Monitoring economic and financial matters is in the United States’ national interest. However, routine eavesdropping upon common foreigners to discover information about these matters is a bad idea. First, foreigners have privacy rights, too. Freedom from arbitrary interference with one’s privacy is part of the Universal Declaration of Human Rights.

Next, this monitoring is detrimental to U.S. companies and to the United States’ long-term interests in promoting democratic ideals. As Sprigman and I argue, although it may be legal, unfettered U.S. spying on foreigners will cause serious collateral damage to America’s technology companies, to our Internet-fueled economy, and to human rights and democracy the world over. Since our Atlantic article on June 28th, and the disclosure that the NSA targeted both Petrobras and President Dilma Roussef, Brazil has announced that it will look into requiring Internet companies to store its citizens’ data locally, and take other steps that threaten to balkanize the global Internet. When Brazil takes these steps, it gives comfort and cover to authoritarian countries who will do the same, so that they can better censor, spy on, and control Internet access within their own borders.
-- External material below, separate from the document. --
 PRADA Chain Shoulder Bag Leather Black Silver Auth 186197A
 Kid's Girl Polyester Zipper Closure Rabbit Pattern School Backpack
As an economic matter, Facebook’s CEO Mark Zuckerburg recently said the government “blew it” when it sought to reassure a public nervous about the NSA revelations by saying, “‘Oh don’t worry, basically we’re not spying on any Americans.’ Oh, wonderful, that’s really helpful to companies who are trying to serve people around the world and really going to inspire confidence in American Internet companies.”

Based on the description we have, the only change the new bill would make is that it would prohibit the NSA from listening in on foreigners who talk about matters of foreign intelligence interest, like Petrobras, but still authorize collection to and from those who work at the company. This does not go far enough to reassure other nations that their average citizen – someone disconnected from official government policy, terrorism or other dangers to the U.S.’s national security interests — will not be lawfully targeted by the NSA.

Senators Wyden and Udall have said that section 702 has produced valuable actionable intelligence. What those successes have been is not public. But lawmakers need to study those gains with an eye to preserving the possibility of such success in the future, while ensuring that regular people who work at banks, global companies, cybersecurity firms or other businesses are not subject to NSA targeting. Thus, the Wyden/Udall bill could also limit section 702 surveillance to exclude foreign intelligence information merely about the conduct of U.S. foreign affairs, while allowing such surveillance for all the other enumerated foreign intelligence purposes. This would be an easy idea to implement in the statute. Where the law currently authorizes targeting “to acquire foreign intelligence information”, it could be amended to read, “to acquire foreign intelligence information as defined in 50 U.S.C. §§ 1801(e)(1) and (e)(2)(A).” This reform would mean “the conduct of the foreign affairs of the United States” could not be the basis for targeting under the FAA, leaving regular people outside of the warrantless surveillance regime.

This could send a powerful message to people around the world, Americans and otherwise, that the United States can respect individual privacy while still protecting itself against external threats. This reassurance could go a long way towards mollifying the concerns of current and future customers of global communications platforms based in the U.S. with regard to whether they can and should continue to do business with the Facebooks of the world, while denying authoritarian regimes the argument that the NSA can surveil innocent people, and so their government officials must be able to do the same.